* DATA BLOCK
----

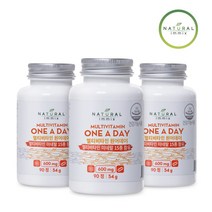 [내추럴이믹스] 15종 멀티비타민 원어데이 600mg (3개월분), 90정 x 3개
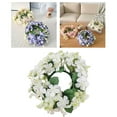 thumbnail image 2 of 门饰挂花小野花烛台花环家居客厅餐桌玄关摆件婚庆用品摄影道具 白色, 2 of 9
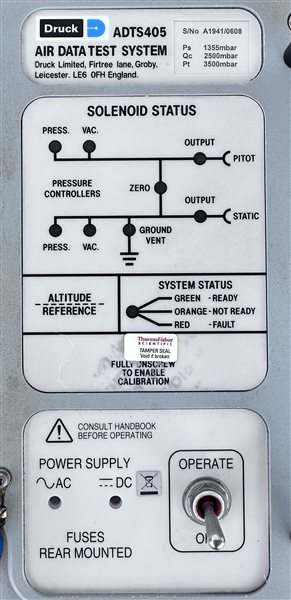 Avionics  - Druck ADTS405 Aircraft Air Data Test Set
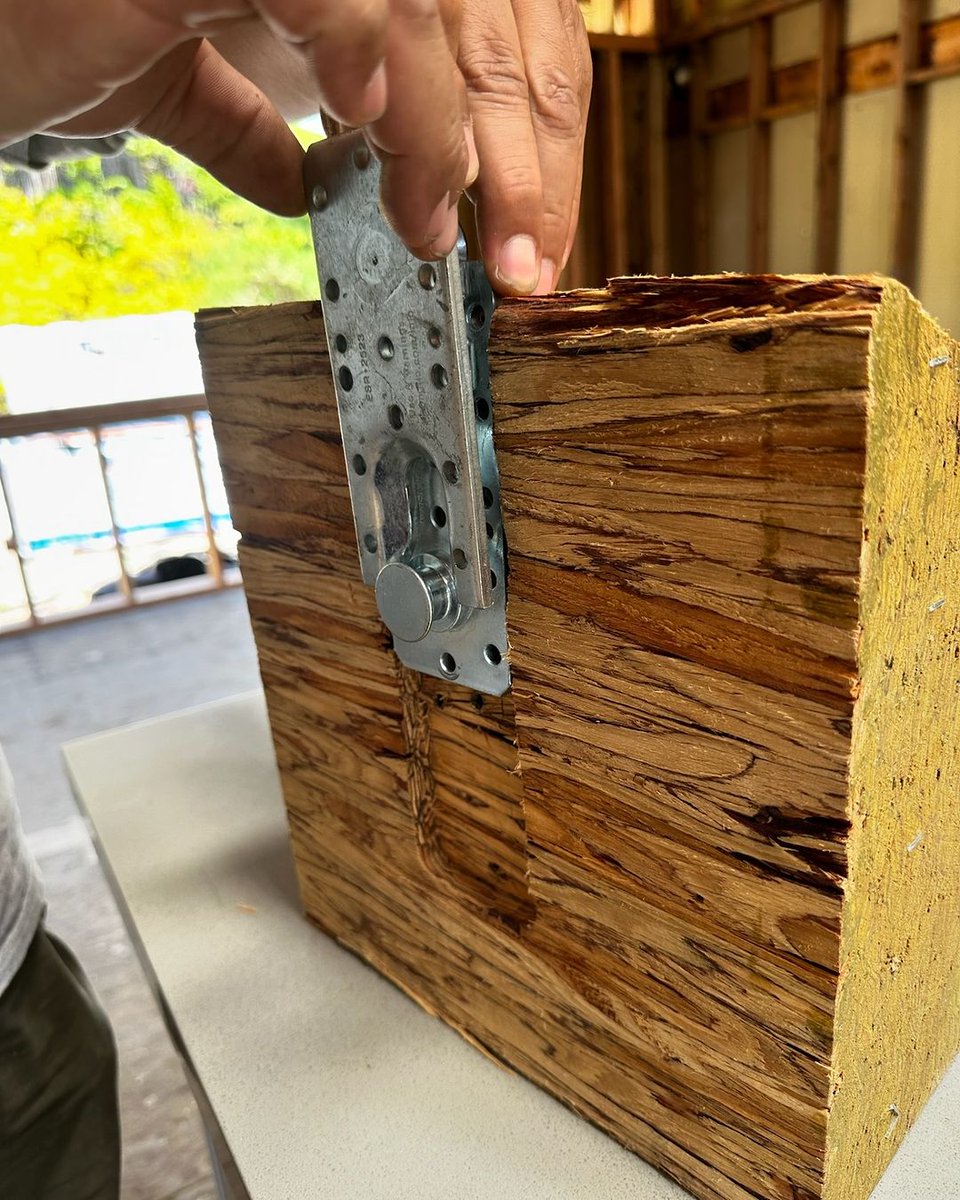DottoCompany's tweet photo. Last week our team set the new ridge beam that spans 46 feet. We installed concealed hangers for each rafter by routing them into the end of each rafter &amp; ridge beam. This takes precision and perfect alignment between the beam and rafters while being 25’ up in the air. https://t.co/f0fNVFiUv7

----

* WHAT YOU WILL DO
Transcribe the whole listing exactly but exclude images.

* SOLUTION TO THE PROBLEM
 [내추럴이믹스] 15종 멀티비타민 원어데이 600mg (3개월분), 90정 x 3개
 thumbnail image 2 of 门饰挂花小野花烛台花环家居客厅餐桌玄关摆件婚庆用品摄影道具 白色, 2 of 9
 Avionics  - Druck ADTS405 Aircraft Air Data Test Set
DottoCompany's tweet photo. Last week our team set the new ridge beam that spans 46 feet. We installed concealed hangers for each rafter by routing them into the end of each rafter &amp; ridge beam. This takes precision and perfect alignment between the beam and rafters while being 25’ up in the air. https://t.co/f0fNVFiUv7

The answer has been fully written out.